WEDNESDAY — Biggest event today involves the rest of the city as well: The Seattle Police Department will begin implementing geographic changes as laid out in the new Neighborhood Policing Plan. You can read it here; we are working on a standalone report about this, but among other things, it means the Southwest Precinct here in West Seattle no longer will handle Georgetown; its remaining turf remains split into two “sectors” but the layout of “beats” within those sectors will change (see page 15-16). Also Wednesday — At 4 pm, before their regular semiweekly meeting, Seattle School Board members hold a “work session” for updates on the controversial Chief Sealth High School/Denny Middle School shared-campus plan. (Recent WSB coverage: 12/19 school board meeting; 12/12 Westwood Neighborhood Council meeting.) Then at 7:30 pm, people interested in the environmental permits required for the Nucor steel mill’s crane-expansion project are invited to a public hearing at Alki Community Center.

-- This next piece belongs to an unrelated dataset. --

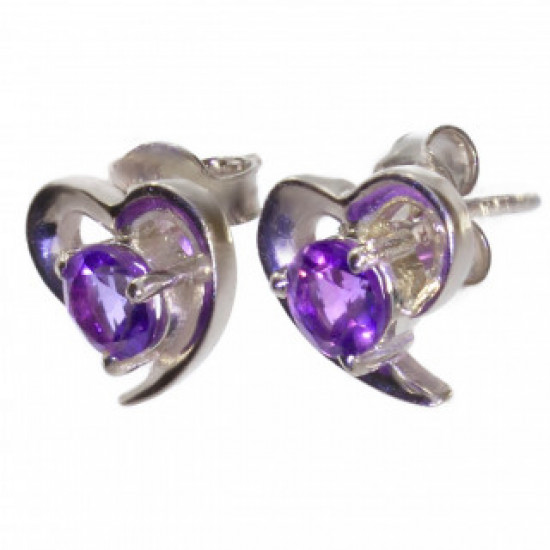 Sterling Silver Amethyst Earrings EF-47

THURSDAY — The Southwest Design Review Board is back in action, this time looking at the mixed-use “Spring Hill” project south of The Junction. (Latest WSB reports on that project: Neighbor concern here; meeting announcement here.)

FRIDAY — The West Seattle Kiwanis Club presents a free community concert by the Seattle Symphony, 8 pm @ West Seattle High School.

Again, those are just a few of this week’s events – listed here along with dozens of other West Seattle events planned all the way through October at this point — if yours isn’t there, e-mail us (or go here for our postal-mail address if you prefer to send announcements that way).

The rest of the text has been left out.